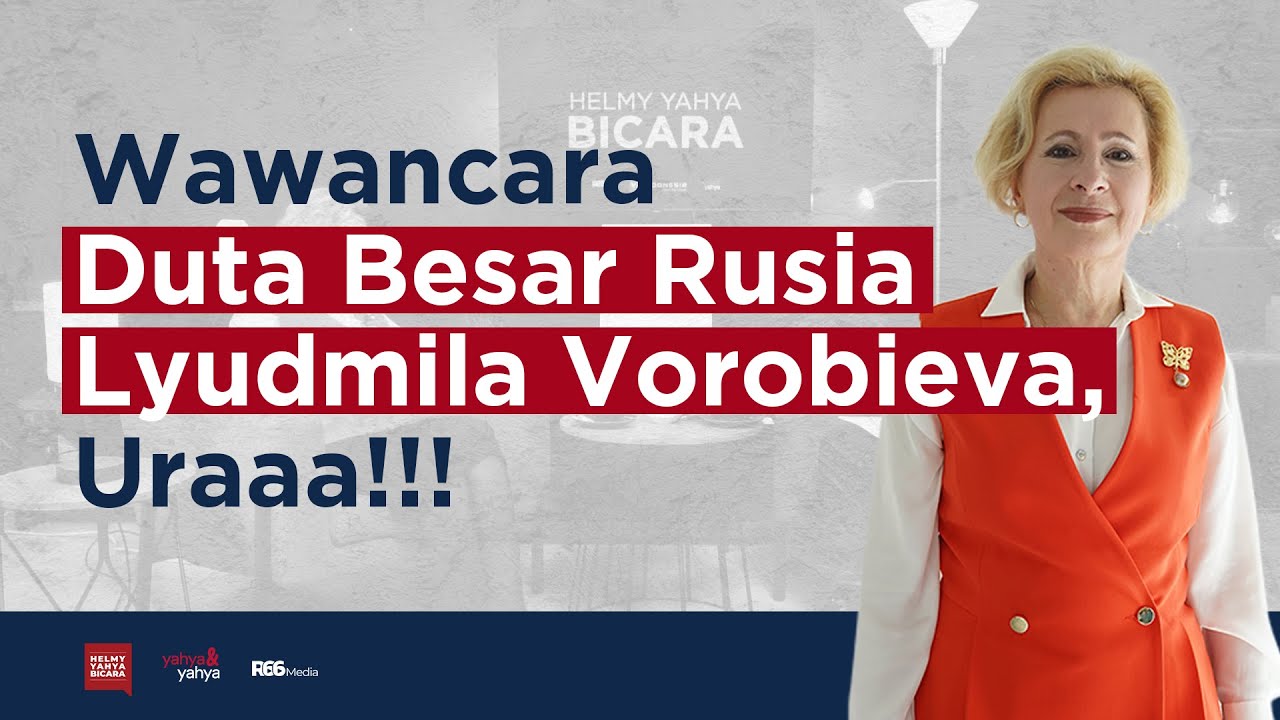 Wawancara dengan Duta Besar Rusia Lyudmila Vorobieva - Ura!!! | Helmy Yahya Bicara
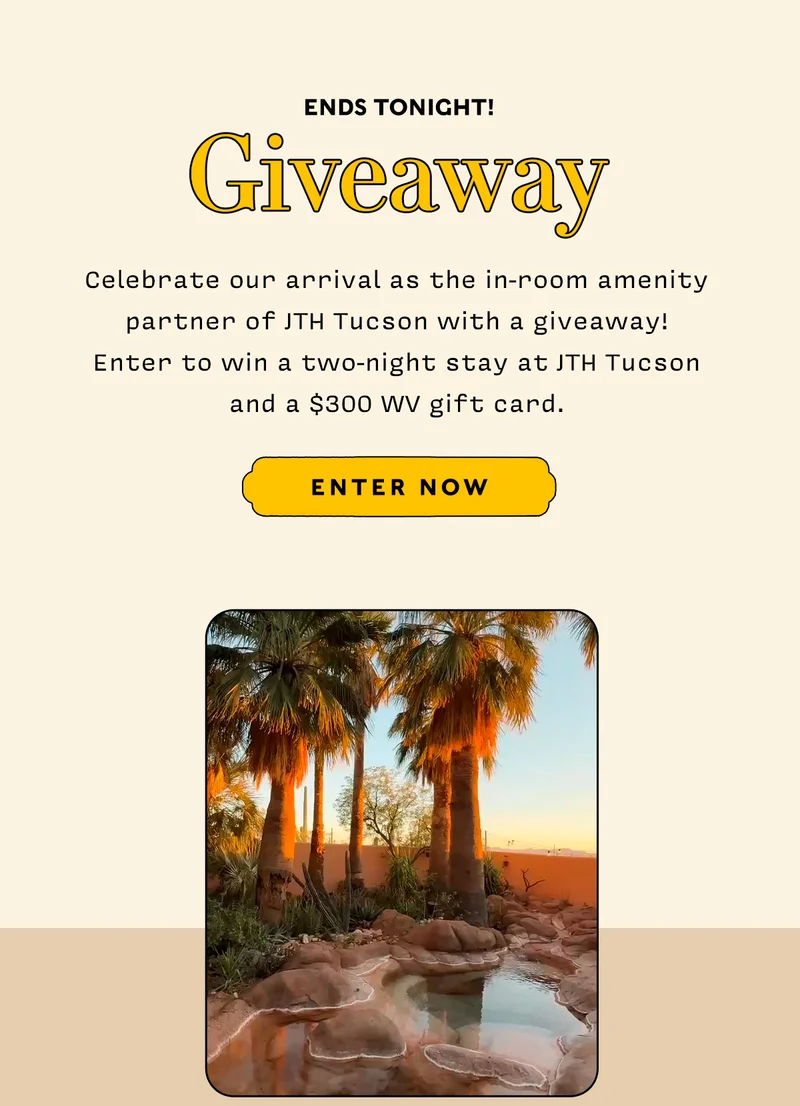 Ends Tonight! GIVEAWAY      Celebrate our arrival as the in-room amenity partner of JTH Tucson with a giveaway!  Enter to win a two-night stay at JTH Tucson and a $300 WV gift card.        ENTER NOW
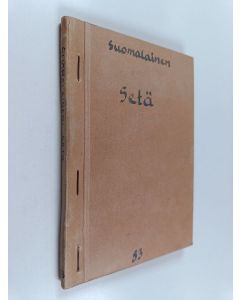 Kirjailijan Samuli S käytetty kirja Setä : yksinäytöksinen ilveily
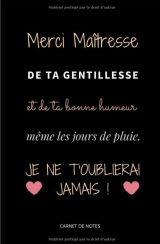 Merci Maîtresse carnet de notes A5 | cadeau pour une maîtresse en fin d'année scolaire | cadeau d'institutrice pour remerciement - 100 pages 15 x 22cm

= What is required =
The lines from the one holding "Ends Tonight! GIVEAWAY" through the end of the material above are to be echoed exactly, both ends included. Do not include pictures.

= Response to the exercise =
 Ends Tonight! GIVEAWAY      Celebrate our arrival as the in-room amenity partner of JTH Tucson with a giveaway!  Enter to win a two-night stay at JTH Tucson and a $300 WV gift card.        ENTER NOW
 Kirjailijan Samuli S käytetty kirja Setä : yksinäytöksinen ilveily
 Merci Maîtresse carnet de notes A5 | cadeau pour une maîtresse en fin d'année scolaire | cadeau d'institutrice pour remerciement - 100 pages 15 x 22cm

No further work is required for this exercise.